Input for this task
- - - -

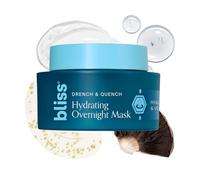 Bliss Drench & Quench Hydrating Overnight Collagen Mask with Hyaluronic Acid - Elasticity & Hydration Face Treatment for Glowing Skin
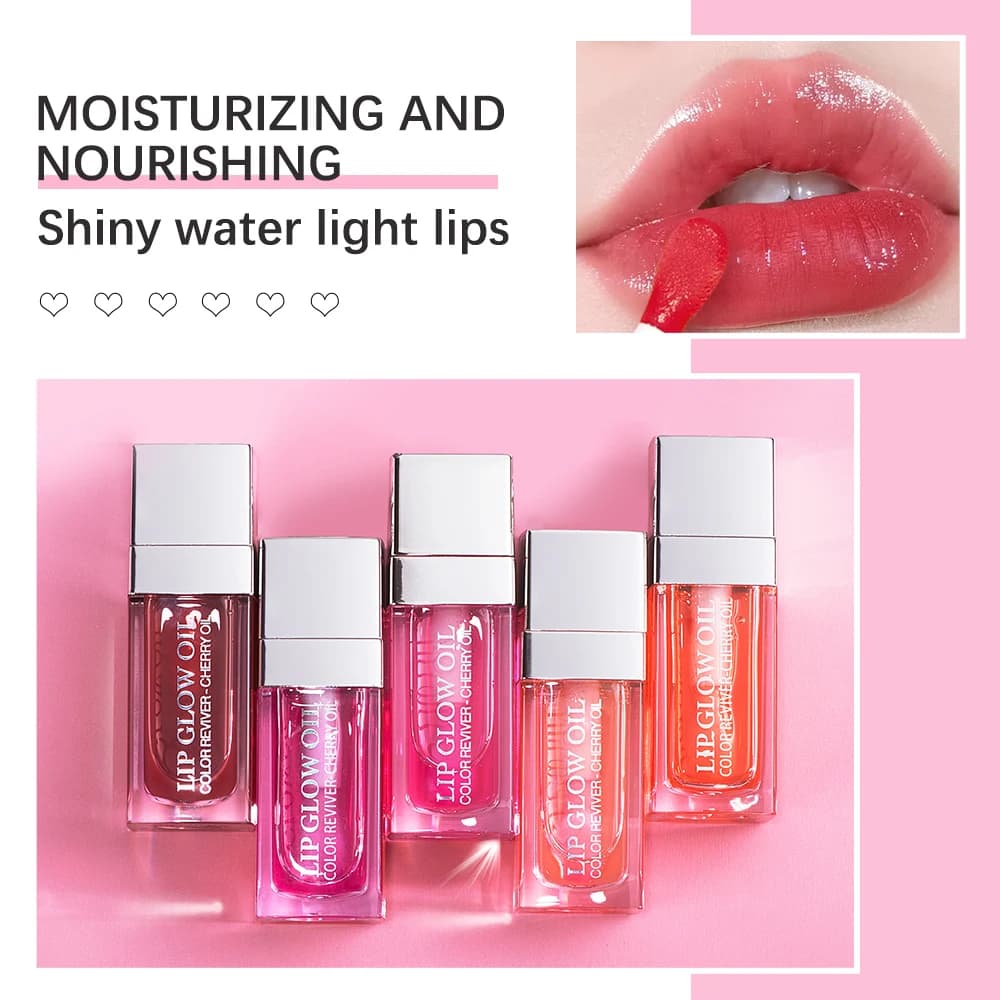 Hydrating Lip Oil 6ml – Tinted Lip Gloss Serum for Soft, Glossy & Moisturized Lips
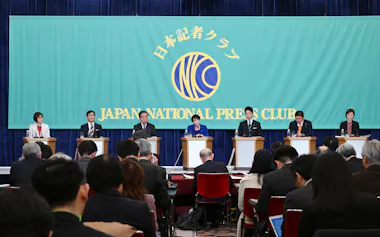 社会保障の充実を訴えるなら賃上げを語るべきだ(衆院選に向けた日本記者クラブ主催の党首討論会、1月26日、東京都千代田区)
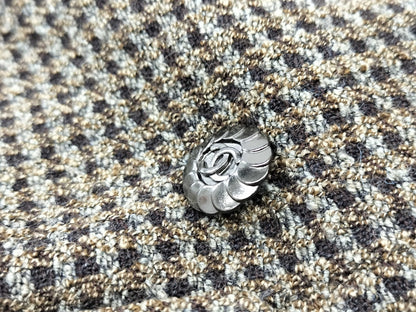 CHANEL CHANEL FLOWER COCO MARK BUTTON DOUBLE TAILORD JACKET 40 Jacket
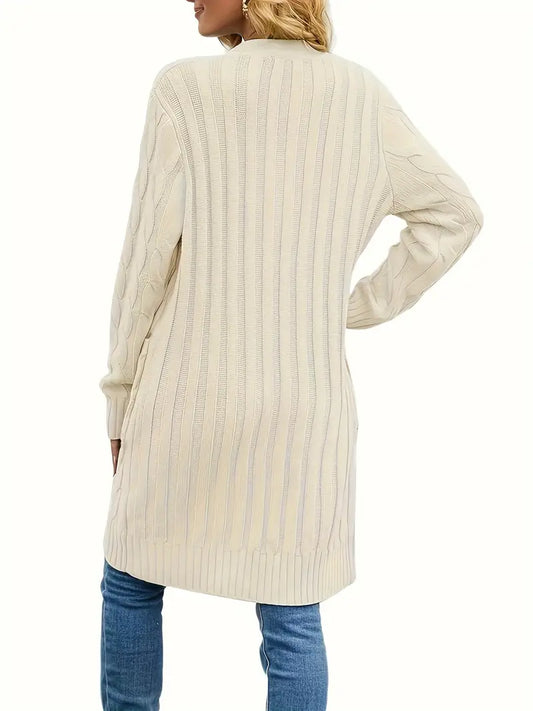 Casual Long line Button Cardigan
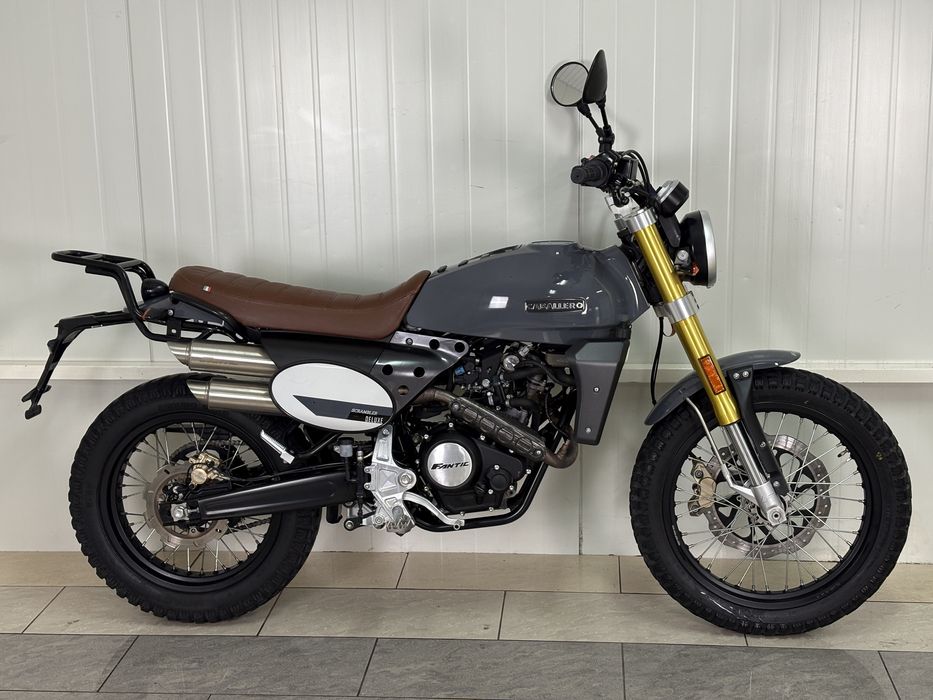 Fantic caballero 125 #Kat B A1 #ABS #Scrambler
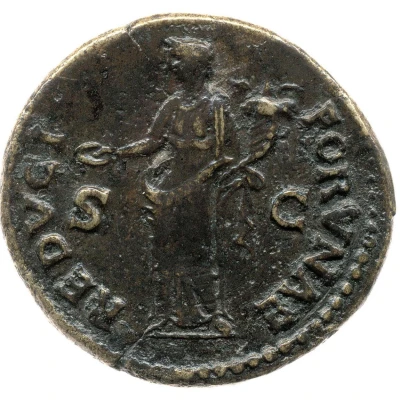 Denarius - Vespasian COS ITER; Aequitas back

- - - -

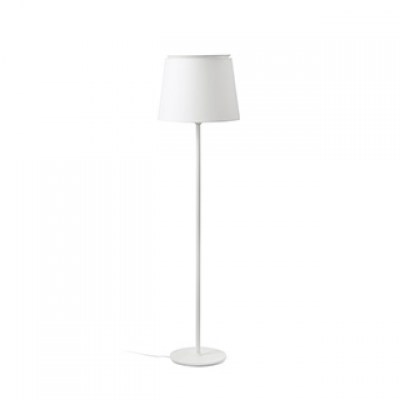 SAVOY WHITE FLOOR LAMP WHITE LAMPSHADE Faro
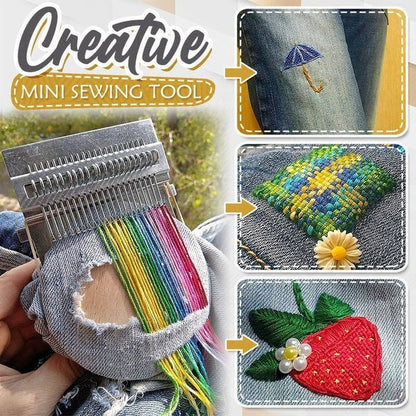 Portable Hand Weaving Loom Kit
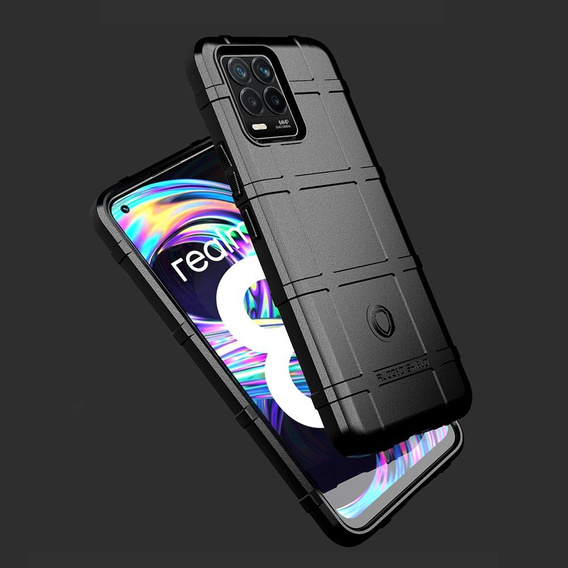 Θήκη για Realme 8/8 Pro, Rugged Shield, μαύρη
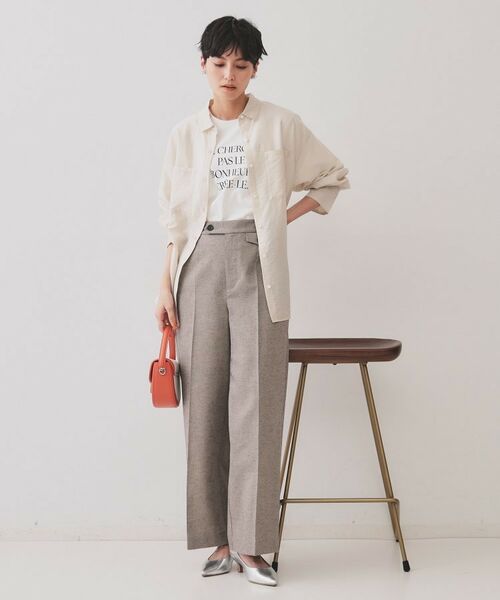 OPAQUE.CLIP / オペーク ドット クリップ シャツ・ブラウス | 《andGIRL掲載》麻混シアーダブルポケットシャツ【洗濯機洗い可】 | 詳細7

- - - -

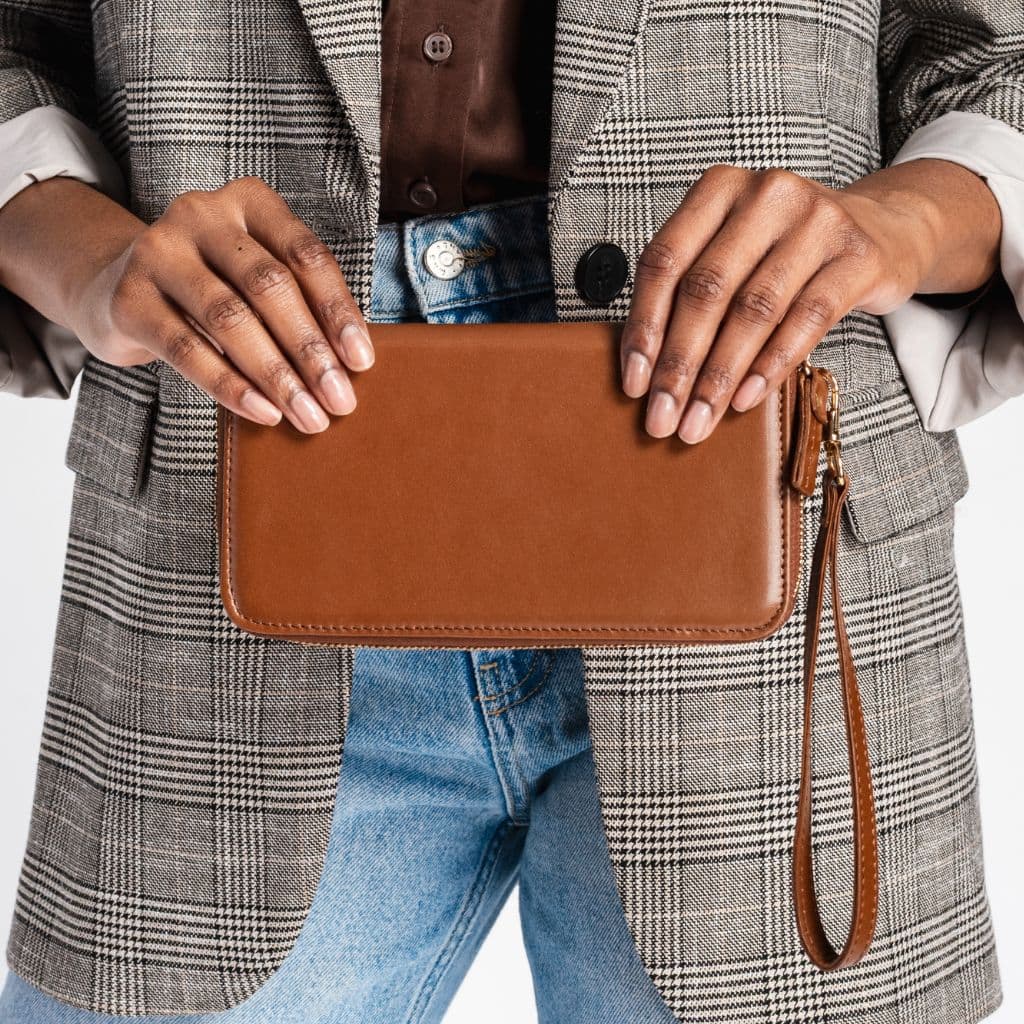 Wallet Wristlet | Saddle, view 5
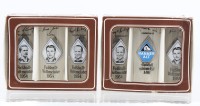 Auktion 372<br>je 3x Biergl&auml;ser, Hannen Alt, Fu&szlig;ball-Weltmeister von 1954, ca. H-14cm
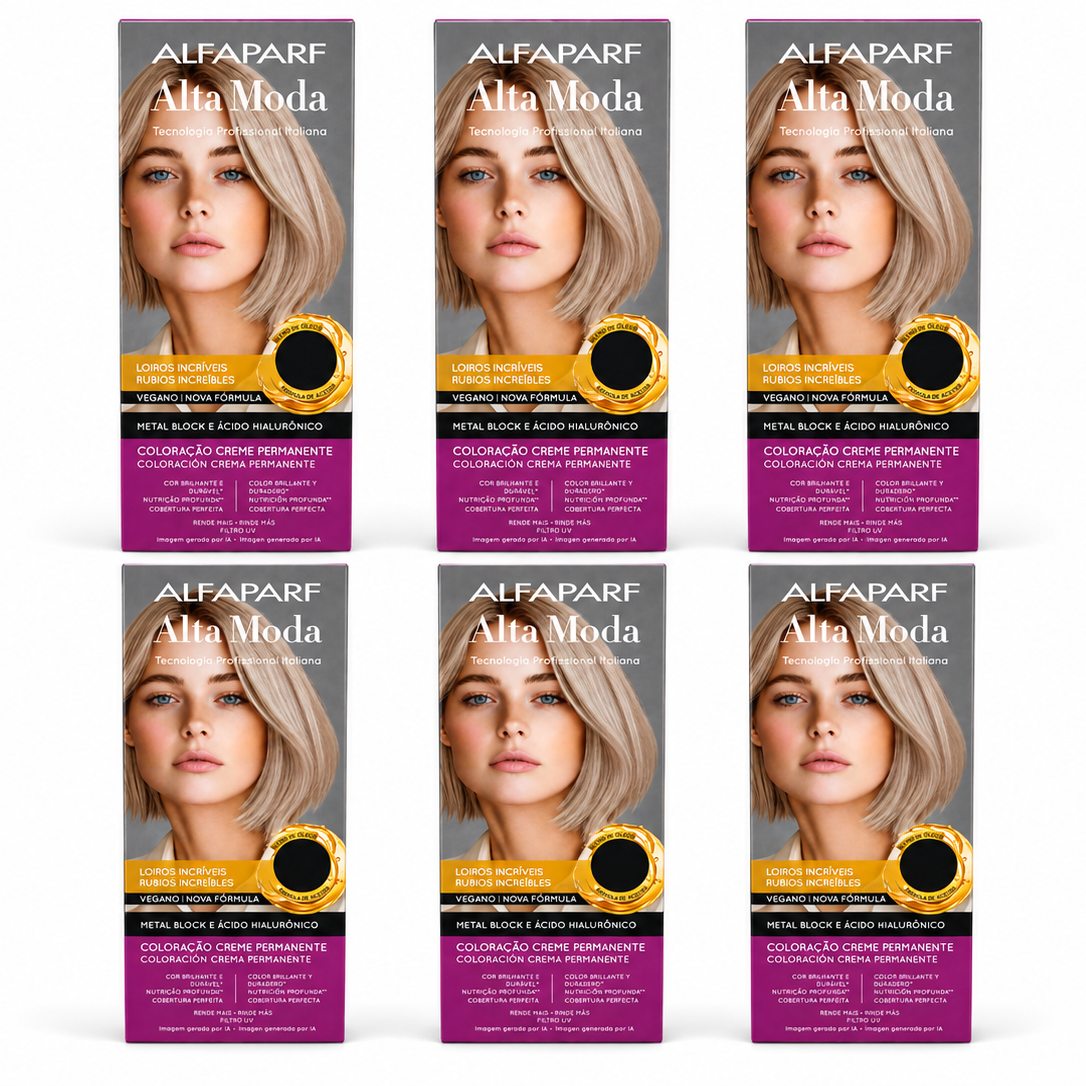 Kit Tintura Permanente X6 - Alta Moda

- - - -

What is being asked
Each line above from the one containing "Bliss Drench &" through the one containing "Denarius - Vespasian COS ITER; Aequitas back" is to be returned verbatim. Nothing else, and no pictures.

Your solution
 Bliss Drench & Quench Hydrating Overnight Collagen Mask with Hyaluronic Acid - Elasticity & Hydration Face Treatment for Glowing Skin
 Hydrating Lip Oil 6ml – Tinted Lip Gloss Serum for Soft, Glossy & Moisturized Lips
 社会保障の充実を訴えるなら賃上げを語るべきだ(衆院選に向けた日本記者クラブ主催の党首討論会、1月26日、東京都千代田区)
 CHANEL CHANEL FLOWER COCO MARK BUTTON DOUBLE TAILORD JACKET 40 Jacket
 Casual Long line Button Cardigan
 Fantic caballero 125 #Kat B A1 #ABS #Scrambler
 Denarius - Vespasian COS ITER; Aequitas back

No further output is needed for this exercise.